**DATA BLOCK**.
▼

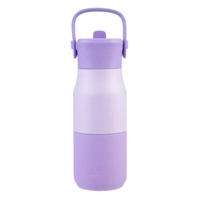 Oasis Double Wall Insulated Sipper Jnr Drink Bottle - 400ml Lilac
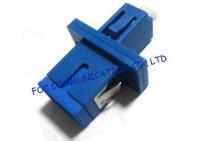 Plastic Duplex Fiber Optic Adapter LC - SC For Fiber Optic
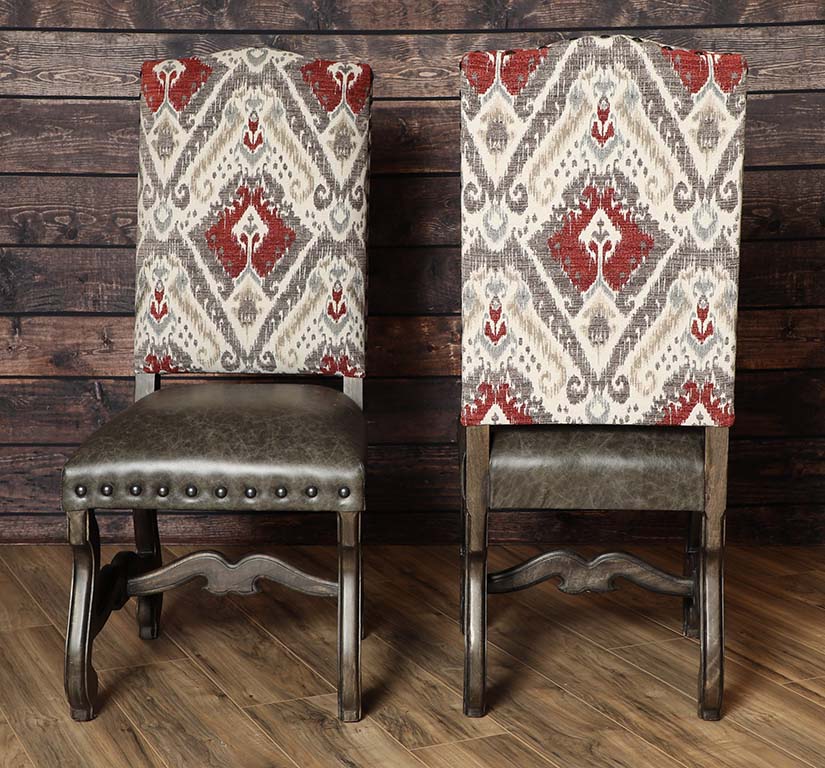 Garnet Western Dining Chair Set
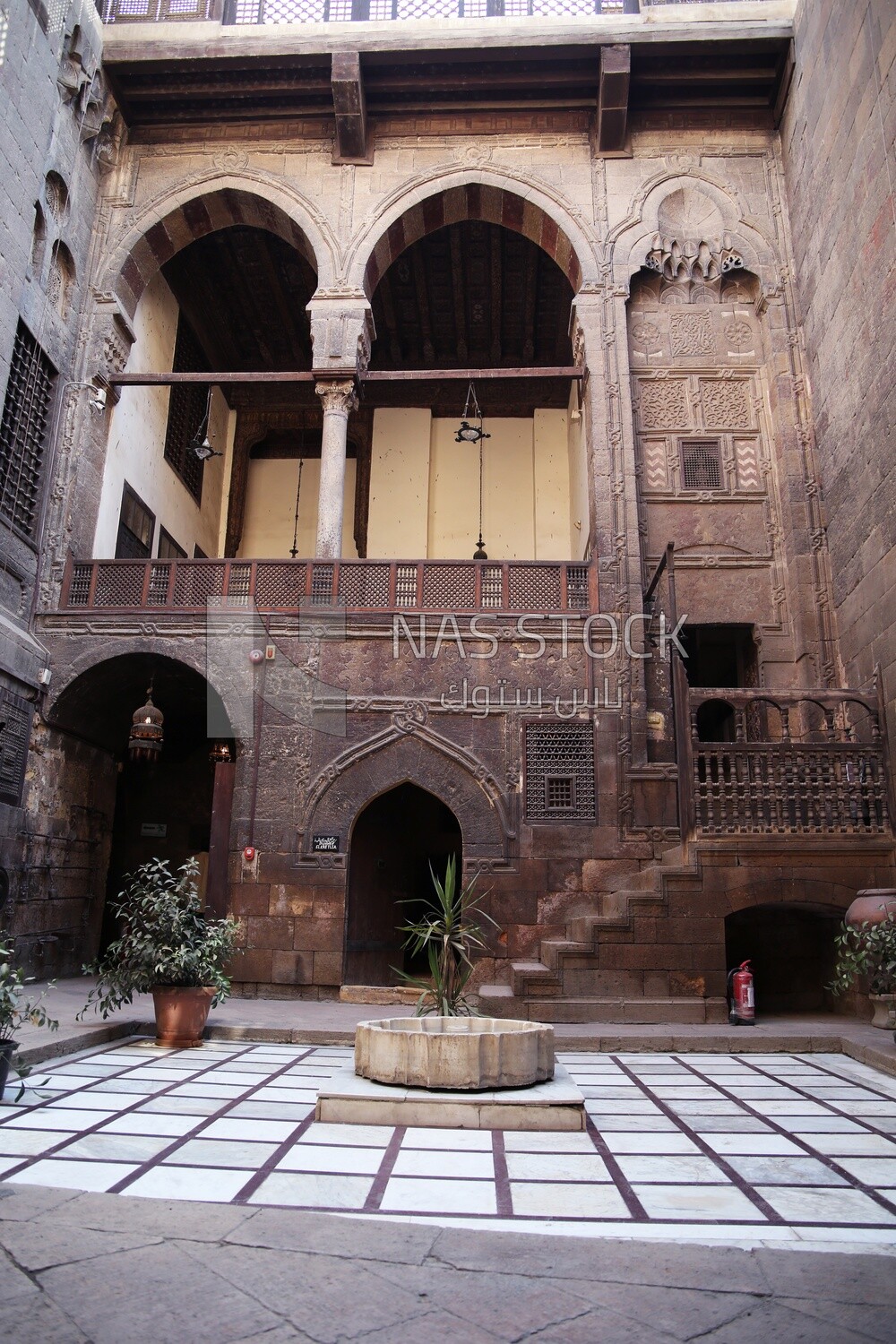 Al-Kritliya House, Cairo, Egypt.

▲

**BRIEF**. Every line above should be retyped exactly; the pictures do not belong in the copy.

**RESPONSE**.
 Oasis Double Wall Insulated Sipper Jnr Drink Bottle - 400ml Lilac
 Plastic Duplex Fiber Optic Adapter LC - SC For Fiber Optic
 Garnet Western Dining Chair Set
 Al-Kritliya House, Cairo, Egypt.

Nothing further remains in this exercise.